Pictures in the entries below are excluded; copy only the lines from the one containing "model pintu minimalis 2 pintu besar kecil" to the one containing "Differin Gel + Bpo 5% Cleanser", both included.

_Information given_
=== Section Start ===

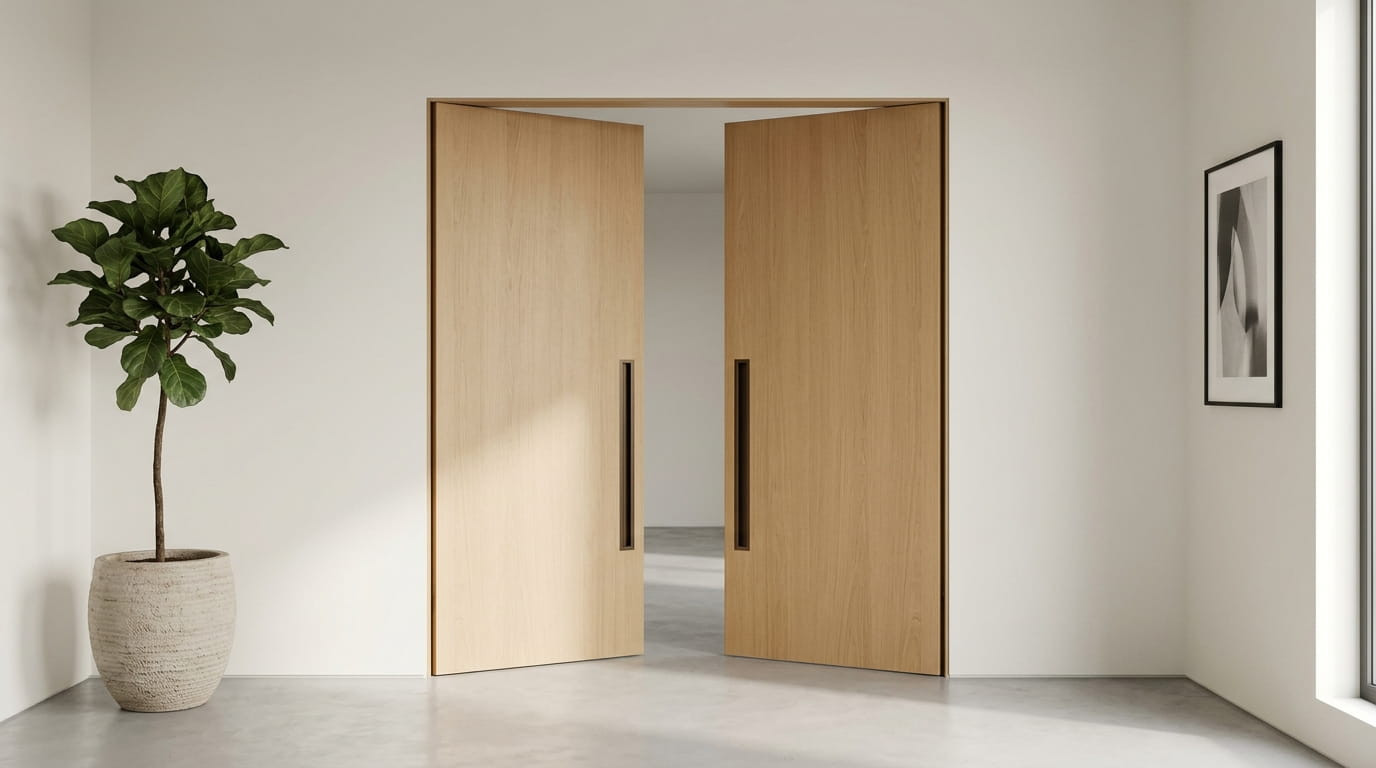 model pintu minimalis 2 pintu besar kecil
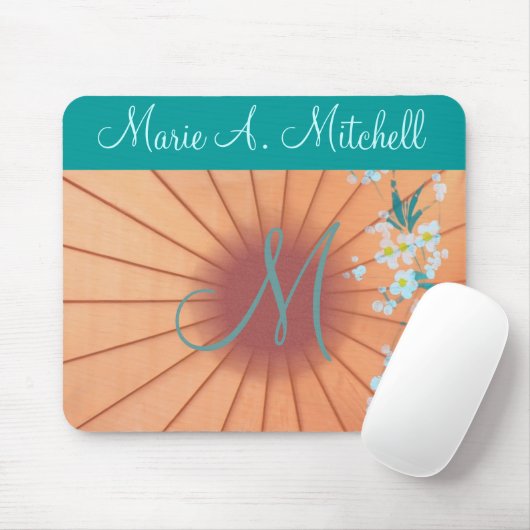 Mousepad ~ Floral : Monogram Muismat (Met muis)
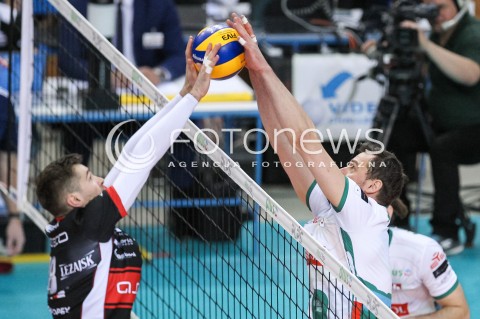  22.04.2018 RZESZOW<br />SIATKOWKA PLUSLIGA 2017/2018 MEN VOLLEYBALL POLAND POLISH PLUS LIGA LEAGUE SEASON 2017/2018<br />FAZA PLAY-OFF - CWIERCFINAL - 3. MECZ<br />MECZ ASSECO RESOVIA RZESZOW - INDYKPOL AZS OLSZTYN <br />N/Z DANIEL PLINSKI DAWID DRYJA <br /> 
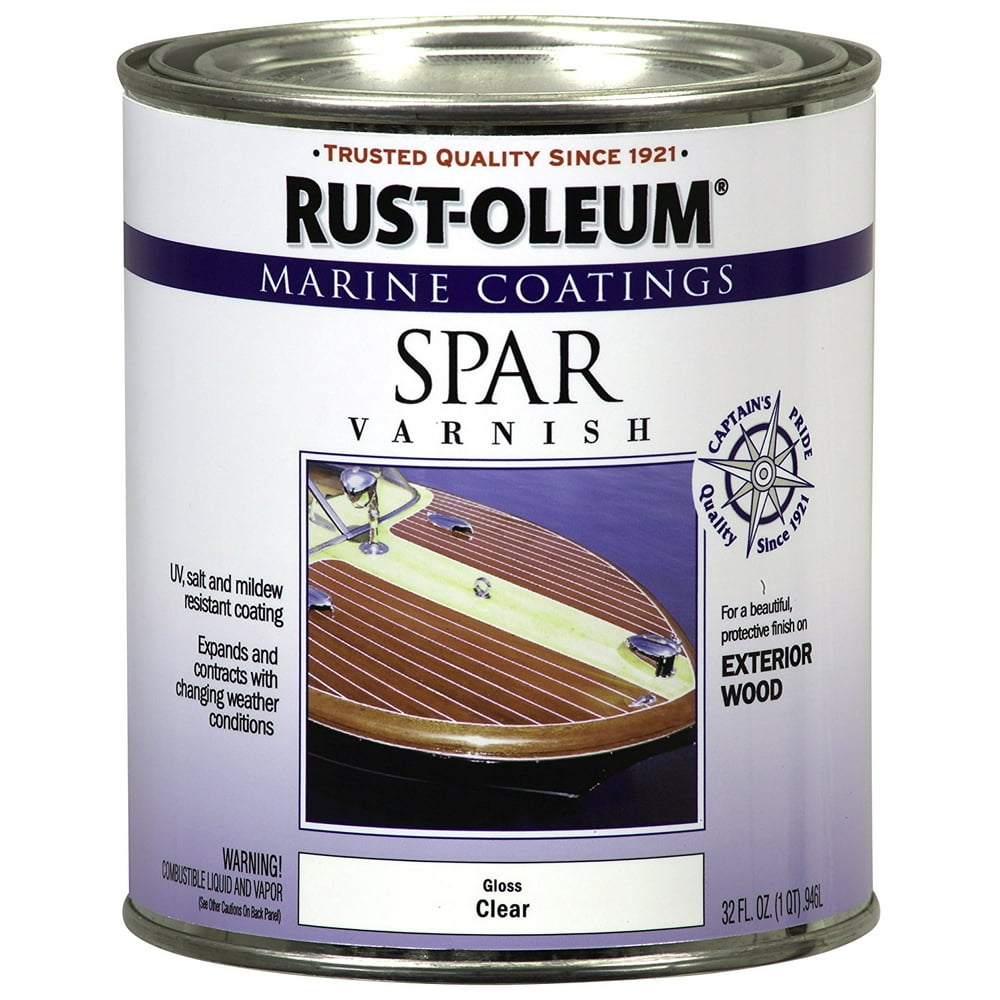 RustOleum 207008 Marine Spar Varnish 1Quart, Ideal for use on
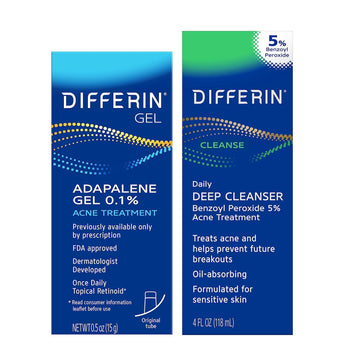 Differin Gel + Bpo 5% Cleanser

=== Section End ===
=== Section Start ===

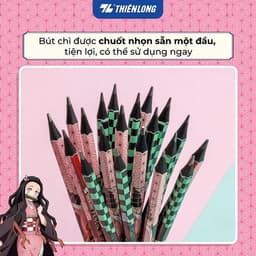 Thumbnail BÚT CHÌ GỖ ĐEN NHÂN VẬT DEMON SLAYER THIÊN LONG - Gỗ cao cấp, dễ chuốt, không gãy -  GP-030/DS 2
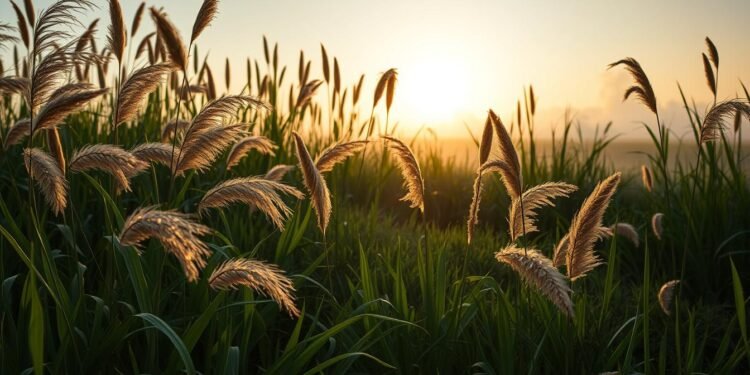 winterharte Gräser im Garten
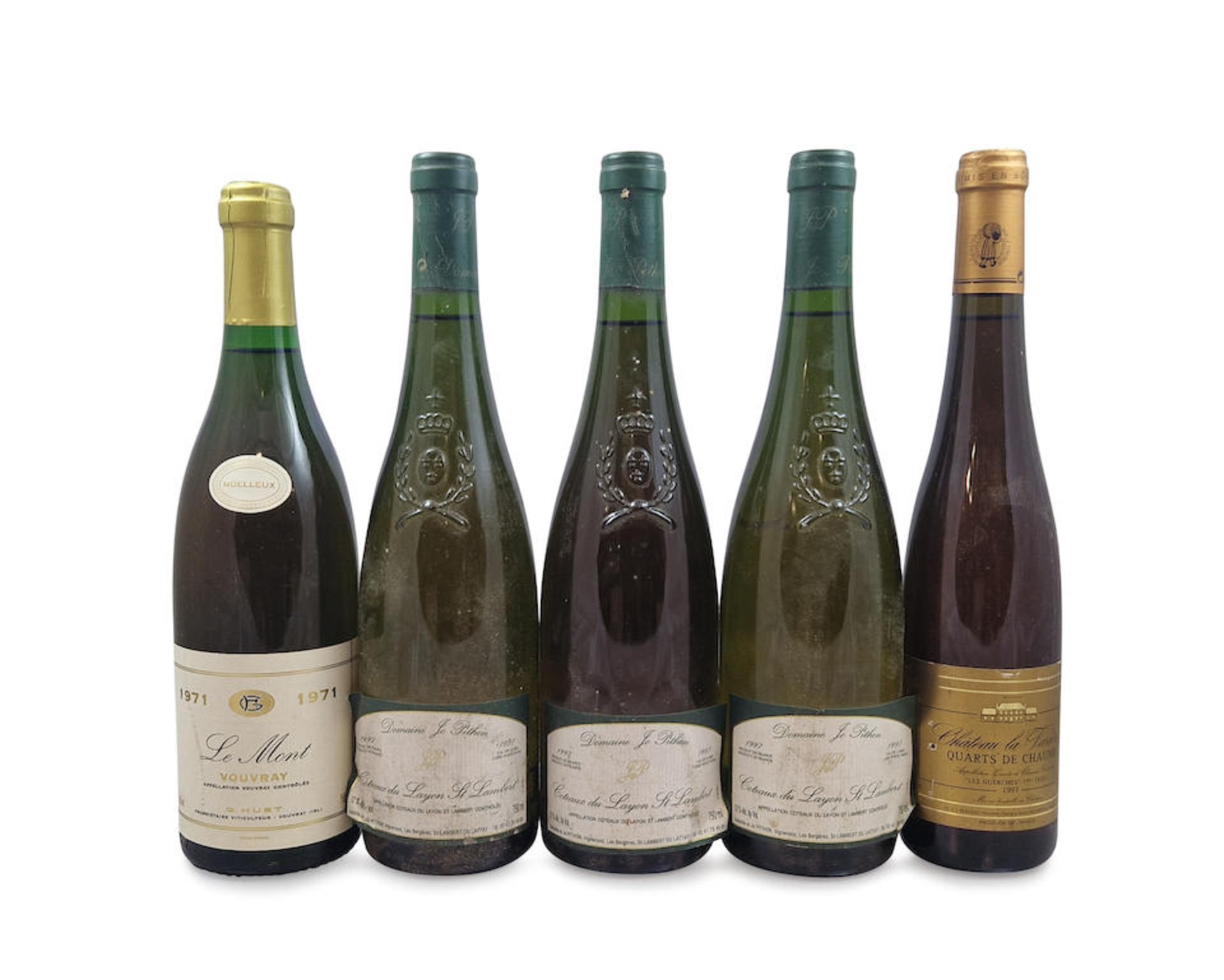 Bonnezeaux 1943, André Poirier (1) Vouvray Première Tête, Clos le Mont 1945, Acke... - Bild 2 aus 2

=== Section End ===

_Answer to this problem_
 model pintu minimalis 2 pintu besar kecil
 Mousepad ~ Floral : Monogram Muismat (Met muis)
  22.04.2018 RZESZOW<br />SIATKOWKA PLUSLIGA 2017/2018 MEN VOLLEYBALL POLAND POLISH PLUS LIGA LEAGUE SEASON 2017/2018<br />FAZA PLAY-OFF - CWIERCFINAL - 3. MECZ<br />MECZ ASSECO RESOVIA RZESZOW - INDYKPOL AZS OLSZTYN <br />N/Z DANIEL PLINSKI DAWID DRYJA <br /> 
 RustOleum 207008 Marine Spar Varnish 1Quart, Ideal for use on
 Differin Gel + Bpo 5% Cleanser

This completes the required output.